A method for using legacy data for metamodel-based design of large-scale systems

A. Srivastava, K. Hacker, K. Lewis, T. W. Simpson

Research output: Contribution to journalArticlepeer-review

26 Scopus citations


Despite a steady increase in computing power, the complexity of engineering analyses seems to advance at the same rate. Traditional parametric design analysis is inadequate for the analysis of large-scale engineering systems because of its computational inefficiency; there-fore, a departure from the traditional parametric design approach is required. In addition, the existence of legacy data for complex, large-scale systems is commonplace. Approximation techniques may be applied to build computationally inexpensive surrogate models for large-scale systems to replace expensive-to-run computer analysis codes or to develop a model for a set of nonuniform legacy data.
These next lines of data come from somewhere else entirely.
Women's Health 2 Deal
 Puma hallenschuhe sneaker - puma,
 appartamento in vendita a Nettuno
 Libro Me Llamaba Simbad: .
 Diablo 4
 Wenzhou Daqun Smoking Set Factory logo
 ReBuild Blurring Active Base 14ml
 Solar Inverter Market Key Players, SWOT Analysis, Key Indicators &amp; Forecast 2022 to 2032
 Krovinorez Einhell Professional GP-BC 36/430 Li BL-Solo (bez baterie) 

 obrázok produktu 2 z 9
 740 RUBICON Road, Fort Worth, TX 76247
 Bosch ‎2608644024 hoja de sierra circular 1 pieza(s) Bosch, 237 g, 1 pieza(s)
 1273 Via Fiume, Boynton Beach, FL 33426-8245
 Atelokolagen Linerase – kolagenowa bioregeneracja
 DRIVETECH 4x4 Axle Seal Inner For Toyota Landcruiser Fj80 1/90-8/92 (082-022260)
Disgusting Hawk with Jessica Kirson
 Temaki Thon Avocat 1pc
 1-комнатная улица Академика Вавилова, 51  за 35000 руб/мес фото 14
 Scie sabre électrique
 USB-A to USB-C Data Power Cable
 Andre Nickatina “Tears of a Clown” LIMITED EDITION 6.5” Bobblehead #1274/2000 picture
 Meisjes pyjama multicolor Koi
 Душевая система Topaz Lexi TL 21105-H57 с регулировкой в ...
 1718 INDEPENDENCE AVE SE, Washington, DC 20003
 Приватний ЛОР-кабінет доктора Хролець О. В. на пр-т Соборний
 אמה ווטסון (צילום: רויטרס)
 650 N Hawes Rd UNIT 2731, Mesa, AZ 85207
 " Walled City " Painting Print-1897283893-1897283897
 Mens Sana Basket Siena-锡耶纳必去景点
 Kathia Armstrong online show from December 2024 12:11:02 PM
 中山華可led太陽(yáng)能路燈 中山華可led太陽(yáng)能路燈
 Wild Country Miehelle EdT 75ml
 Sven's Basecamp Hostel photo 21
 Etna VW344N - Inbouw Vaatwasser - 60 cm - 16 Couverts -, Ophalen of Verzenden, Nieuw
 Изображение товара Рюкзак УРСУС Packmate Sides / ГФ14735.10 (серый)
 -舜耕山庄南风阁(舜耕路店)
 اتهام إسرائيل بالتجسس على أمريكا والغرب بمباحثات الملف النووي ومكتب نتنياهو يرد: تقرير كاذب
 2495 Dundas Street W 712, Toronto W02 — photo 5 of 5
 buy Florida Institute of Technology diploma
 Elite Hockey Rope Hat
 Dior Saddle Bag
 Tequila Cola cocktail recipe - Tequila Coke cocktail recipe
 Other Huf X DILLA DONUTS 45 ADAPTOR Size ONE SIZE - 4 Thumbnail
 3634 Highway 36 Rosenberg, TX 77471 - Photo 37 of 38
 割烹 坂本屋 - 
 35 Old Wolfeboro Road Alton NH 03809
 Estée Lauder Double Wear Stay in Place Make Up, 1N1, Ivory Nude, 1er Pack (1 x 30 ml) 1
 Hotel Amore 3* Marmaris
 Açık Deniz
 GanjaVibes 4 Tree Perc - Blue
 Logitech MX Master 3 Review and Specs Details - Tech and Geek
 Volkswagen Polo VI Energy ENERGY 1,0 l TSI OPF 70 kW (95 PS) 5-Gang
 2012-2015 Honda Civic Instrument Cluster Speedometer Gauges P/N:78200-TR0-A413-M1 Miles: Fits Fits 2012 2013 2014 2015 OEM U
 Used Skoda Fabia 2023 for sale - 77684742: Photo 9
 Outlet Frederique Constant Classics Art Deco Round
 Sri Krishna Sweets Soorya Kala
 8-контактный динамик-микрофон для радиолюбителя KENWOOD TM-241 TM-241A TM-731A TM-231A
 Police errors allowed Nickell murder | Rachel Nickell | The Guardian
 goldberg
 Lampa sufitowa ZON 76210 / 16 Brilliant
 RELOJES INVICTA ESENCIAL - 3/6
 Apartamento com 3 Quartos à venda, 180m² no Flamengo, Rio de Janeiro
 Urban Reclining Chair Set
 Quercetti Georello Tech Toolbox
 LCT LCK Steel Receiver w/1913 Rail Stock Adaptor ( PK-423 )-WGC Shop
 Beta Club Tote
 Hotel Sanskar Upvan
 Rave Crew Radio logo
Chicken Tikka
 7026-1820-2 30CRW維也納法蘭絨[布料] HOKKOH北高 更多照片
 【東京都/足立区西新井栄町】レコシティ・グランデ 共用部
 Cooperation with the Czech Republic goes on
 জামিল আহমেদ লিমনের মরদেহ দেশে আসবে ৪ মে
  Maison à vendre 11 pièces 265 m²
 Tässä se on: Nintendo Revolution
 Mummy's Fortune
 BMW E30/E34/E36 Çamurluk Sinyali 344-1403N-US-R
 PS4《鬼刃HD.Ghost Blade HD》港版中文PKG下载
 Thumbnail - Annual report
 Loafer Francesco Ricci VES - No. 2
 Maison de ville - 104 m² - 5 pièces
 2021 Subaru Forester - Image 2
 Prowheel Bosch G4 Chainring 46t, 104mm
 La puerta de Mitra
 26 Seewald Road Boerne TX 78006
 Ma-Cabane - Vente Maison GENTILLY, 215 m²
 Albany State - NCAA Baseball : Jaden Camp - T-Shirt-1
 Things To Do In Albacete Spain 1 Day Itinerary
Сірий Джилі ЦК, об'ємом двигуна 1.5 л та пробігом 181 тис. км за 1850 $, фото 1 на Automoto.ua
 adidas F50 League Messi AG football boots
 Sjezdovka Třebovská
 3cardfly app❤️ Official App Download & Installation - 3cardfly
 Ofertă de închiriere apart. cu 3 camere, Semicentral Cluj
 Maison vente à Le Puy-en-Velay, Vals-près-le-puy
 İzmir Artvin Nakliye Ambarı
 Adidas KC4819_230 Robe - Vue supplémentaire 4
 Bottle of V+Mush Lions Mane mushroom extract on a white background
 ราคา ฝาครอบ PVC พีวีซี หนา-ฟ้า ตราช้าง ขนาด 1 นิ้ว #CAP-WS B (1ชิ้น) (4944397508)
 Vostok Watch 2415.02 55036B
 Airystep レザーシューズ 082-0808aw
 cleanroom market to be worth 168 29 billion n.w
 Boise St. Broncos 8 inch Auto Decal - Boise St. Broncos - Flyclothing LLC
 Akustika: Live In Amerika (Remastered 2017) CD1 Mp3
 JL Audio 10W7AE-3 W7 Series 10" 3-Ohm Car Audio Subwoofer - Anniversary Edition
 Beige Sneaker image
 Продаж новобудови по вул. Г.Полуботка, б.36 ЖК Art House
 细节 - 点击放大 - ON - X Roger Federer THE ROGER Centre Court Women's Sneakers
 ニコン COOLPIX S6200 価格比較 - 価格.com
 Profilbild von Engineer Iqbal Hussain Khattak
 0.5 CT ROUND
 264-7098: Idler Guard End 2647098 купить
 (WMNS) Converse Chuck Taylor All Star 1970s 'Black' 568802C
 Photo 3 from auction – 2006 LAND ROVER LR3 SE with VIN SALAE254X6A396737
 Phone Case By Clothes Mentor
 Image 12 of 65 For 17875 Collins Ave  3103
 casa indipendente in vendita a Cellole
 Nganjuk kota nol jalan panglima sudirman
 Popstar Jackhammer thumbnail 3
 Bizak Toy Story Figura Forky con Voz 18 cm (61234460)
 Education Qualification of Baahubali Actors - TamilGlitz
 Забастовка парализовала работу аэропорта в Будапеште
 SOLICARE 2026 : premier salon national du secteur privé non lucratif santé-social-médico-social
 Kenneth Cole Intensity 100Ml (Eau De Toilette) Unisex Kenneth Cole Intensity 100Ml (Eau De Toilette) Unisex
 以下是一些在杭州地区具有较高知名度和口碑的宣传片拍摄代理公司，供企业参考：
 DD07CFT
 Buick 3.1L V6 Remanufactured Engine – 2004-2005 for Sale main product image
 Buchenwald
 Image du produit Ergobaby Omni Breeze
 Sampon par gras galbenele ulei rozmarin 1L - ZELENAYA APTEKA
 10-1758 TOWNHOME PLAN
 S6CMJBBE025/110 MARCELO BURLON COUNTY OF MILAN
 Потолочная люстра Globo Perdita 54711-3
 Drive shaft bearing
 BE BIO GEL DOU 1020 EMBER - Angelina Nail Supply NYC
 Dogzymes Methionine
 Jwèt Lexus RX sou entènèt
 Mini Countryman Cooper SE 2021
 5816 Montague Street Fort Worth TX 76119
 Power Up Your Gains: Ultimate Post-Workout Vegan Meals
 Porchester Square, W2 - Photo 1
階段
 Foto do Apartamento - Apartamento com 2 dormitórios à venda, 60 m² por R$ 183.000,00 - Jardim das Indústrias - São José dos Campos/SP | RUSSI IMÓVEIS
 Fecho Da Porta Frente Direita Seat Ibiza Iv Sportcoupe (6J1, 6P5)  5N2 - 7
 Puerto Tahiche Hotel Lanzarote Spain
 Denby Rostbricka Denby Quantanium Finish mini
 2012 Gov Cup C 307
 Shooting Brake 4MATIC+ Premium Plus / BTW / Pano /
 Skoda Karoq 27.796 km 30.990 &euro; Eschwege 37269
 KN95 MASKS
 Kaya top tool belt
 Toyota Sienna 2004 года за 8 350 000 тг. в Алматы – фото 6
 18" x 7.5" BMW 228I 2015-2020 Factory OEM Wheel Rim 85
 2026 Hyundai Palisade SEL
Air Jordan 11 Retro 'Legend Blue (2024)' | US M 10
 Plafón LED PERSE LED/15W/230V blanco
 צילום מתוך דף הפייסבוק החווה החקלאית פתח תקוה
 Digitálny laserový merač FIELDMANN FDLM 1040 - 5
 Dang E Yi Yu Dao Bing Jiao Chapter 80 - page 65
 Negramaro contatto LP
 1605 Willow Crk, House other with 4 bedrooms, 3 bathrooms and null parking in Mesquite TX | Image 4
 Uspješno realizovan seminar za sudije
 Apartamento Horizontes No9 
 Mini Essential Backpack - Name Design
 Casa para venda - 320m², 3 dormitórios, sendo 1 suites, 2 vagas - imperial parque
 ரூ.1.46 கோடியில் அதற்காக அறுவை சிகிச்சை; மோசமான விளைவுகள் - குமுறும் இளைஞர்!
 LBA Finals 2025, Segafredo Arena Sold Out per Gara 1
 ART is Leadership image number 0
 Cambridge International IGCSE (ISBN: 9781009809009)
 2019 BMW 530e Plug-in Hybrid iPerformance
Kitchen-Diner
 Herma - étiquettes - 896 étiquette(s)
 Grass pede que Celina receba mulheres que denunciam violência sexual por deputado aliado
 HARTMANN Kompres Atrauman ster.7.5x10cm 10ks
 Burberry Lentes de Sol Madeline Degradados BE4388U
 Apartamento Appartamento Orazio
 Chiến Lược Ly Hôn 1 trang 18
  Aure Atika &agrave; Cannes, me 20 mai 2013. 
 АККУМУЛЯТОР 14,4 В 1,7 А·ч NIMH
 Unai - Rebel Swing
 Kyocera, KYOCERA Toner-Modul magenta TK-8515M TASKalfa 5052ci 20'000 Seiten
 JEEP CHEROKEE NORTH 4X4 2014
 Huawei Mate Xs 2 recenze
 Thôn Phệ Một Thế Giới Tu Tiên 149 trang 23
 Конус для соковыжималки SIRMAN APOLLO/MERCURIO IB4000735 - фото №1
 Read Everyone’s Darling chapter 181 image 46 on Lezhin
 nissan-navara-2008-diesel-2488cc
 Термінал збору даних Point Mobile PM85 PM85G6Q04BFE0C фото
Response-surface models are frequently utilized to construct surrogate approximations; however, they may be inefficient for systems having with a large number of design variables. Kriging, an alternative method for creating surrogate models, is applied in this work to construct approximations of legacy data for a large-scale system. Comparisons between response surfaces and kriging are made using the legacy data from the High Speed Civil Transport (HSCT) approximation challenge. Since the analysis points already exist, a modified design-of-experiments technique is needed to select the appropriate sample points. In this paper, a method to handle this problem is presented, and the results are compared against previous work.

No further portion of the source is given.